War seizures controversy
Harriman Bank was the main
Wall Street connection for
German companies and the varied U.S. financial interests of
Fritz Thyssen, who had been an early financial backer of the
Nazi party until
1938, but who by
1939 had fled Germany and was bitterly denouncing
Hitler. Business transactions for profit with Nazi Germany were not illegal when Hitler declared war on the United States (December 11, 1941), but, six days after the
attack on Pearl Harbor, President
Franklin Delano Roosevelt signed the
Trading With the Enemy Act after it had been made public that U.S. companies were doing business with the declared enemy of the United States. On
October 20,
1942, the U.S. government ordered the seizure of
Nazi German banking operations in
New York City. President Franklin Roosevelt's Alien Property Custodian,
Leo T. Crowley, signed Vesting Order Number 248 seizing the property of Prescott Bush under the Trading with the Enemy Act. The order, published in obscure government record books and kept out of the news, cited only the
Union Banking Corporation (UBC) connections with Von Thyssen. Fox News has reported that recently declassified material "The 4,000 Union Banking shares owned by the Dutch bank were registered in the names of the seven U.S. directors, according a document signed by Homer Jones, chief of the division of investigation and research of the Office of Alien Property Custodian, a World War II-era agency that no longer exists"
[2].
- E. Roland Harriman--3991 shares (managed and under voting control of Prescott Bush)

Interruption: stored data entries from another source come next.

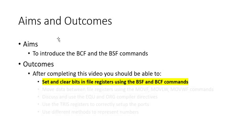The aim of this video is to introduce the bit clear file and the bit set file command. After we've looked at this video, you should be able to set and clear bits in file registers using the bit set file and the bit clear file commands.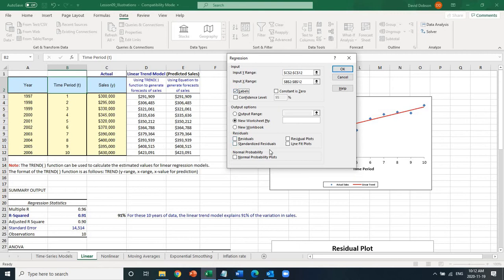One cool thing about Excel is it also gives you a bunch of additional outputs. For example, it will give you the residuals. You would need residuals to compute the mean square errors. It also gives you residual plots, which is pretty useful. You can also get the normal probability plot, but here I'm primarily interested in the residual plots. Residual plots are used to check for multicollinearity and autocorrelation purposes, and residuals are used to compute the mean square errors — the e-values.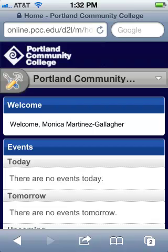When you log into D2L on a mobile device, things look and act a bit differently than when you log in from a desktop computer. This is D2L Mobile, and it's designed to give you quick access to a limited set of functions that you're likely to use while on the go.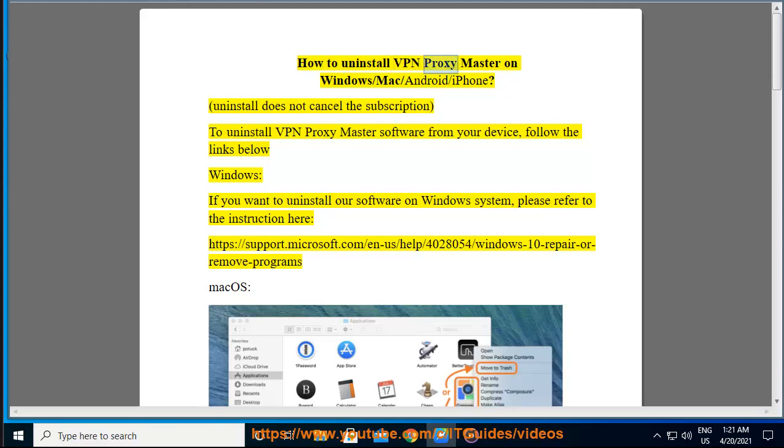How to Uninstall VPN Proxy Master on Windows, Mac, Android, or iPhone. Uninstall does not cancel the subscription.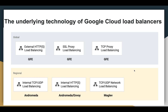So we have seen about global load balancing — under global we have external HTTP load balancing, SSL proxy load balancing, and TCP proxy load balancing. Under the regional we have Andromeda, Andromeda-Envoy, and Maglev. So we have seen each and everything.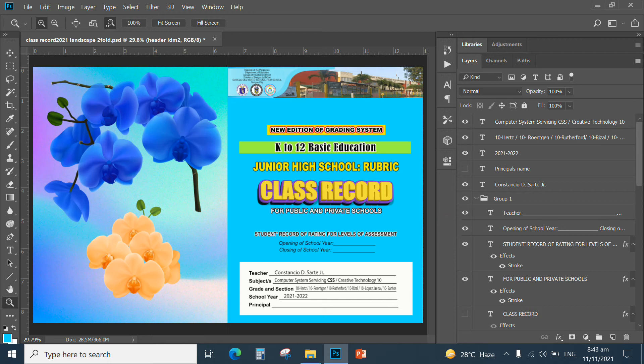Hi everyone, Love2Share is here again. In this video, I am going to share with you my customized class record cover design in Photoshop which you can download for free. I am going to include the download link at the description box below.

- Cornelis Lievense--4 shares (He was the New York banker of the German Nazi Party)
- Harold D. Pennington--1 share (Employed by Prescott Bush at Brown Brothers Harriman)
- Ray Morris--1 share (a business partner of the Bush and Harriman families)

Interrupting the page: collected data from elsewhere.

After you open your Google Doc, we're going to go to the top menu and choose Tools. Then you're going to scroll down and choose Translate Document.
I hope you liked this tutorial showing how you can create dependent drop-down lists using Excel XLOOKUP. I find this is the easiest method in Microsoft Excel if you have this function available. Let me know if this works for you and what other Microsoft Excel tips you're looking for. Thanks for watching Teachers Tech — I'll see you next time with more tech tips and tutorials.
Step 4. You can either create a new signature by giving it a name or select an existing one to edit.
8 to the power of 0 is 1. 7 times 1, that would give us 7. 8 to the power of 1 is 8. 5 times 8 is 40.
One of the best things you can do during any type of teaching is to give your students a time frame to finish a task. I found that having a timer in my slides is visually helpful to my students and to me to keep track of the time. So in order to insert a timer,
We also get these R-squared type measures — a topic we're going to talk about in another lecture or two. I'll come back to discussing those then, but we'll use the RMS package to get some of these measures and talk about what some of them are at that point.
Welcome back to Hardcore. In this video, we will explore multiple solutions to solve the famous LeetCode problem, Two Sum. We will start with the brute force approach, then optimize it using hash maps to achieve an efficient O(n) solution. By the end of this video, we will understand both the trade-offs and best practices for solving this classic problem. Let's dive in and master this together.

- Prescott S. Bush--1 share (director of UBC, which was co-founded and sponsored by his father-in-law George Walker; senior managing partner for E. Roland Harriman and Averell Harriman)
- H.J. Kouwenhoven--1 share (organised UBC for Von Thyssen, managed UBC in Nazi occupied Netherlands)

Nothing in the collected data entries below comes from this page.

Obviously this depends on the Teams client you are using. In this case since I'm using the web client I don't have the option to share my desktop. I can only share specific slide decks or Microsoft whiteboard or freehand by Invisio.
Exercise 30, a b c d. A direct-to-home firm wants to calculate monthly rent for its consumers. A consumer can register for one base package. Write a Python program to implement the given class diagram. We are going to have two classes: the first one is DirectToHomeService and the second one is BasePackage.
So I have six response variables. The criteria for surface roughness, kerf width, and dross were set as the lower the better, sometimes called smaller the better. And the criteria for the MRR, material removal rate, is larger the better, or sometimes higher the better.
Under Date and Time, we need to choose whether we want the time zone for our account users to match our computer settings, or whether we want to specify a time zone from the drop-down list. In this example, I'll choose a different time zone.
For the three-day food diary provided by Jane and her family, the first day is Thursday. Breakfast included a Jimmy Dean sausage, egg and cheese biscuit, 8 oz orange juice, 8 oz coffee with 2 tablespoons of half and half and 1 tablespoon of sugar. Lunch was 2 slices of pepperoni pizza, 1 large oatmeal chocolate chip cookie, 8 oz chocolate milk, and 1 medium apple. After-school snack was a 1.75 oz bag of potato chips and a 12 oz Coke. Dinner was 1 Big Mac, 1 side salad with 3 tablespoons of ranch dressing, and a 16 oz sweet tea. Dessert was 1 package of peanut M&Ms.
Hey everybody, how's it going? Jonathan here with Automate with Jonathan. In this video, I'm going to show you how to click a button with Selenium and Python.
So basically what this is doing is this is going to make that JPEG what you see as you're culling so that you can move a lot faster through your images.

- Johann G. Groeninger--1 share (German Industrial Executive, a not unimportant member of the Nazi party)
The Harriman business interests seized under the act in October and November 1942 included:
- Union Banking Corporation (UBC) (for Thyssen and Brown Brothers Harriman). The President of UBC at that time was George Herbert Walker, Prescott Bush's father-in-law. He is the grandfather and great-grandfather of the former and current Presidents Bush.
- Holland-American Trading Corporation (with Harriman)
- the Seamless Steel Equipment Corporation (with Harriman)
- Silesian-American Corporation (this company was partially owned by a German entity; during the war the Germans tried to take full control of Silesian-American. In response to that, the American government seized German owned minority shares in the company, leaving the U.S. partners to carry on the business.)
The assets were held by the government for the duration of the war, then returned afterward. UBC was dissolved in 1951. Prescott Bush was on the board of directors of UBC and held one share in the company. For it, he was reimbursed $1,500,000. These assets were later used to launch Bush family investments in the Texas energy industry.
Toby Rogers has claimed that Bush's connections to Silesian businesses (with Thyssen and Flick) make him complicit with the
mining operations in
Poland which used slave labor out of
Auschwitz, where the
Auschwitz concentration camp was later constructed.
The
New York Herald-Tribune referred to the German industrialist,
Fritz Thyssen, as "Hitler's Angel" and mentioned Bush as an employee of the investment banking firm Thyssen used in the USA. The underlying importance is Hitler's known ideology; intelligent business partners like Bush and Thyssen and Harriman clearly knew who they were doing business with and were willing to do so. Some records in the National Archives, including the Harriman papers, document the continued relationship of Brown Brothers Harriman with Thyssen and some of his German investments up until his 1951 death.
[4] Investigator
John Loftus has said, "As a former federal prosecutor, I would make a case for Prescott Bush, his father-in-law (George Walker) and
Averell Harriman [to be prosecuted] for giving aid and comfort to the enemy. They remained on the boards of these companies knowing that they were of financial benefit to the nation of Germany." Two former slave laborers from Poland have filed suit in London against the
government of the United States and the heirs of Prescott Bush in the amount of $40 billion. A class-action lawsuit filed in the U.S. in 2001 was dismissed based on the principle of state sovereignty.